_Supplied material_.
# # # # #
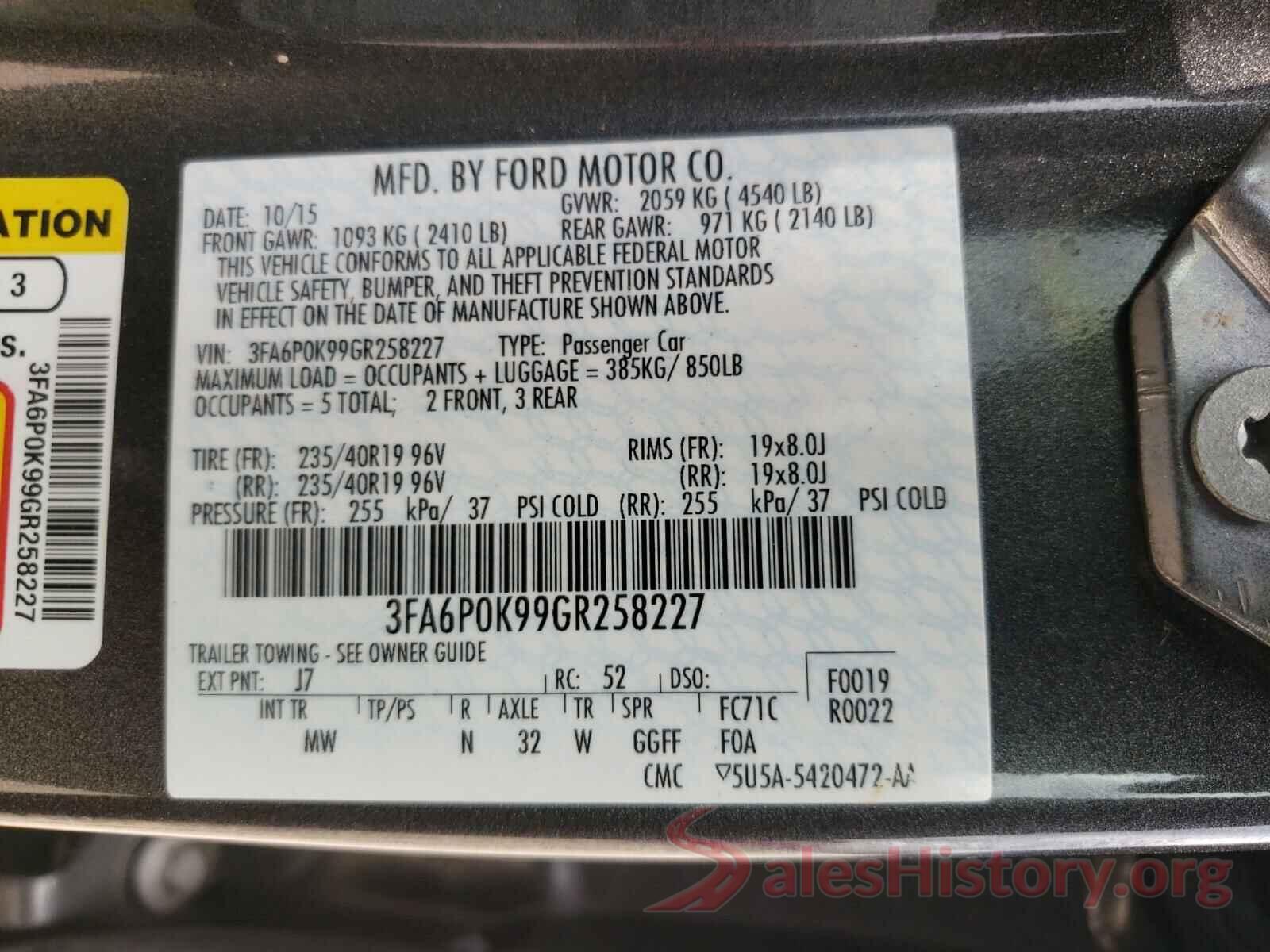 3FA6P0K99GR258227 2016 FORD FUSION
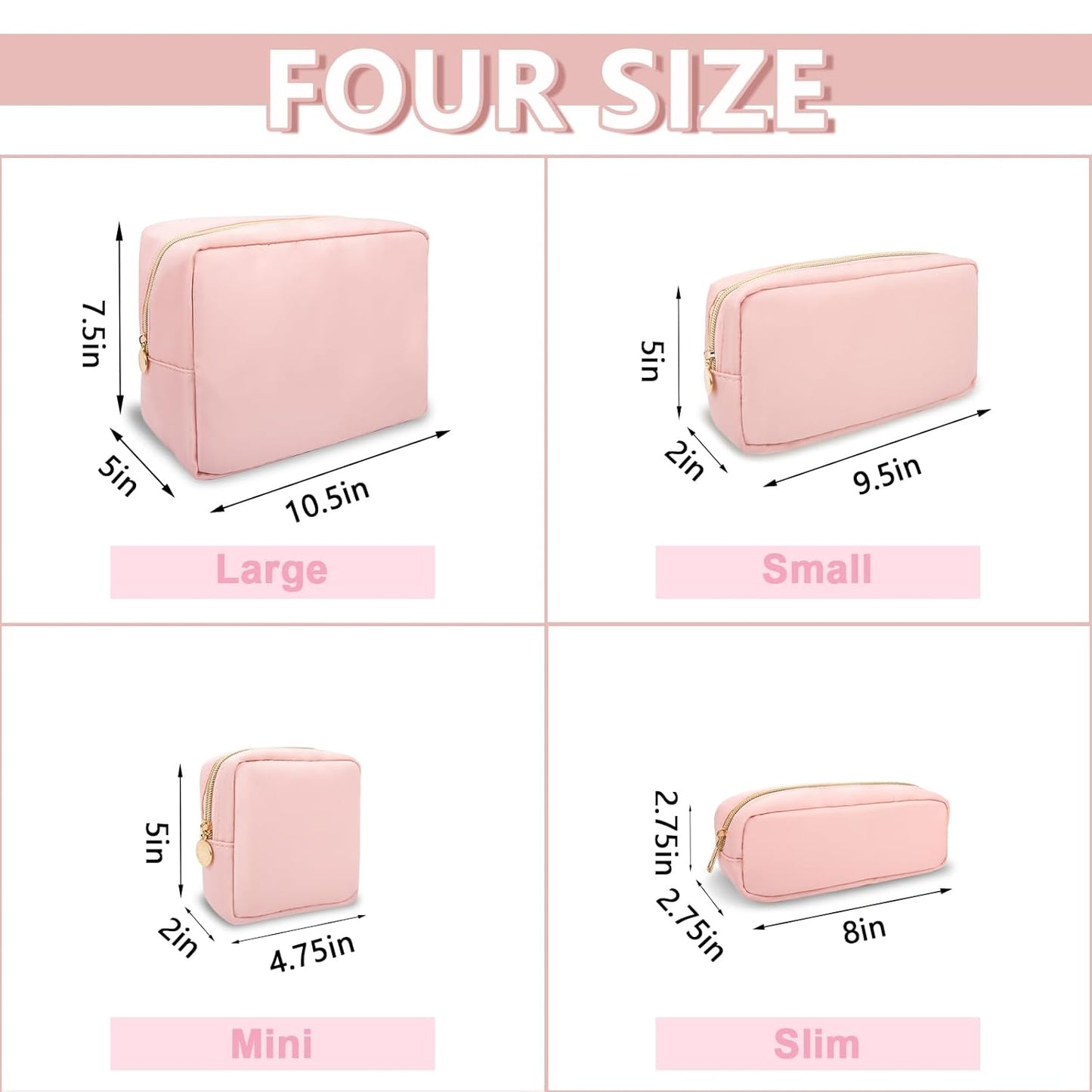 Small Pencil Case Makeup Bag for Purse, Cute Pencil Pouch Preppy Nylon Makeup Brush Bag with Zipper , Girls Portable Stationery Storage Case Small Pen Bag for Office School College(Slim-Flamingo)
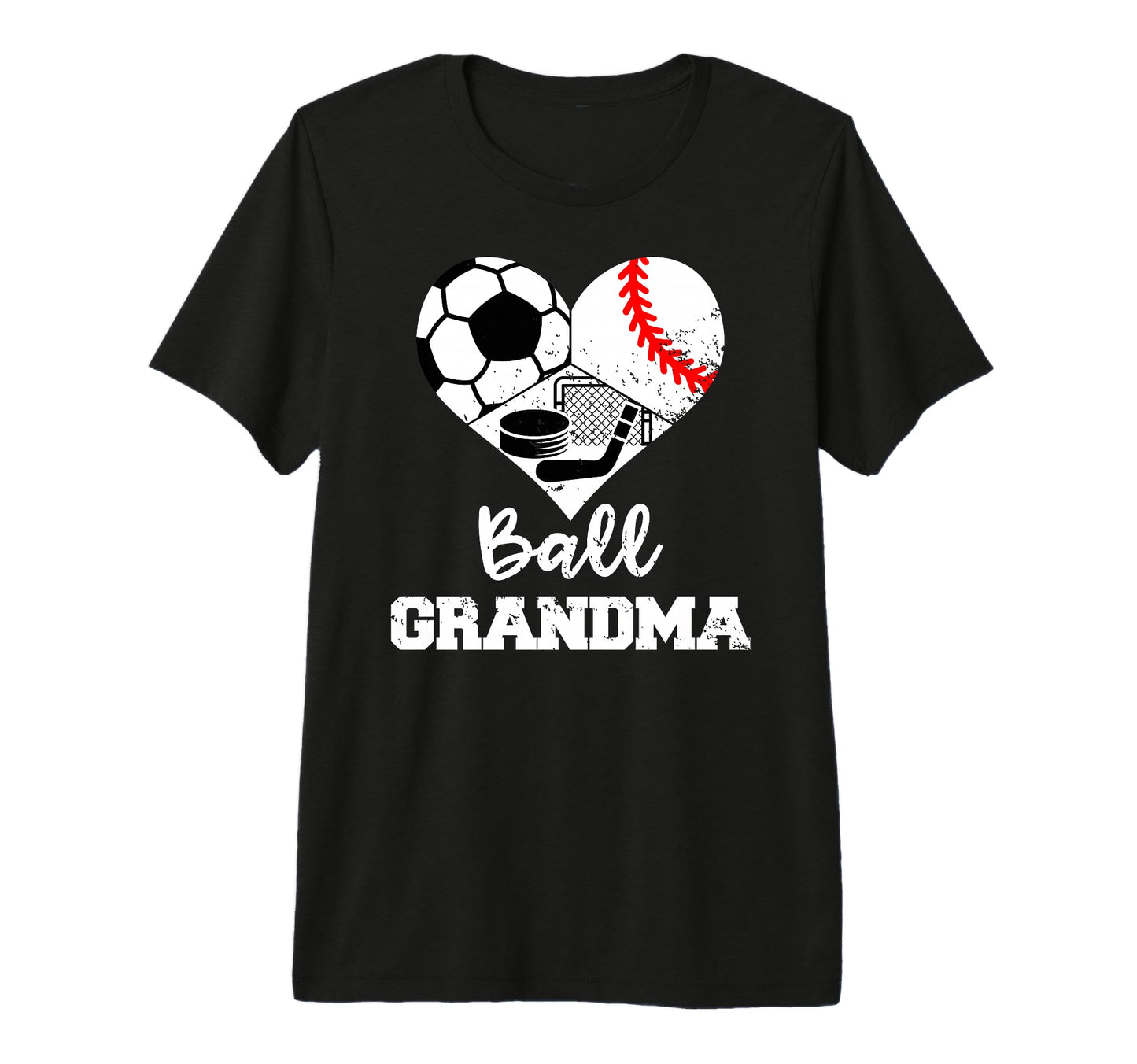 Ball Grandma Heart Funny Soccer T-Shirt - Casual Everyday Wear Men Women - T-Shirt, Sweatshirt, Hoodie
# # # # #
_Requirement_.
Please reproduce all the material exactly. Pictures stay out of the copy.

_Result below_.
 3FA6P0K99GR258227 2016 FORD FUSION
 Small Pencil Case Makeup Bag for Purse, Cute Pencil Pouch Preppy Nylon Makeup Brush Bag with Zipper , Girls Portable Stationery Storage Case Small Pen Bag for Office School College(Slim-Flamingo)
 Ball Grandma Heart Funny Soccer T-Shirt - Casual Everyday Wear Men Women - T-Shirt, Sweatshirt, Hoodie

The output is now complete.